Aos presentes autos aplica - se o CPC anterior à redacção do DL 303/2007 de 24/08, atento o disposto no art. 11º nº 1 deste último.

Ora, nos termos do art. 682º nº 2 do CPC, o recurso subordinado tem de ser interposto no prazo de dez (10) dias, a contar da notificação do despacho que admite o recurso independente.

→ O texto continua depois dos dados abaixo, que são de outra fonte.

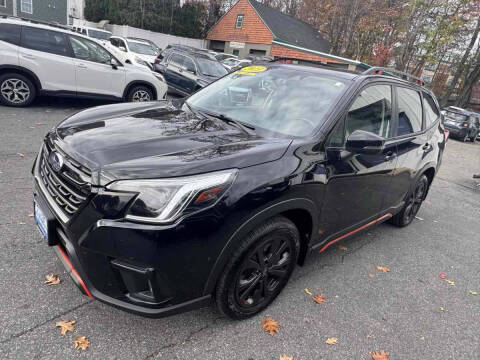 2023 Subaru Forester Sport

Como resulta de fls. 831 a Entidade Demandada foi notificada por ofício, de 12.07.2010, do despacho que admitiu o recurso independente, pelo que se presume notificado em 15.07.2010.

Atenta a suspensão do prazo de 16.07.2010 a 01.09.2010 (Lei nº 35/2010 de 15/04, entretanto revogada pela Lei 43/2010 de 03/09) o referido prazo de 10 dias terminava em 11.09.2010.

Não obstante no carimbo de entrada das contra - alegações (articulado onde foi interposto o recurso subordinado) constar, certamente por lapso, a data de 01 SET. 2010 (cfr. fls. 840), o mesmo deu entrada em 30 de Setembro de 2010 (cfr. fls. 837 a 839 dos autos).

Pelo que, efectivamente, o mesmo recurso é extemporâneo, não devendo por isso ser conhecido.

IX – Assim, em face do exposto e em conclusão, emito parecer no sentido de ser negado provimento ao recurso independente e não ser conhecido o recurso subordinado, por extemporâneo, mantendo - se a sentença recorrida.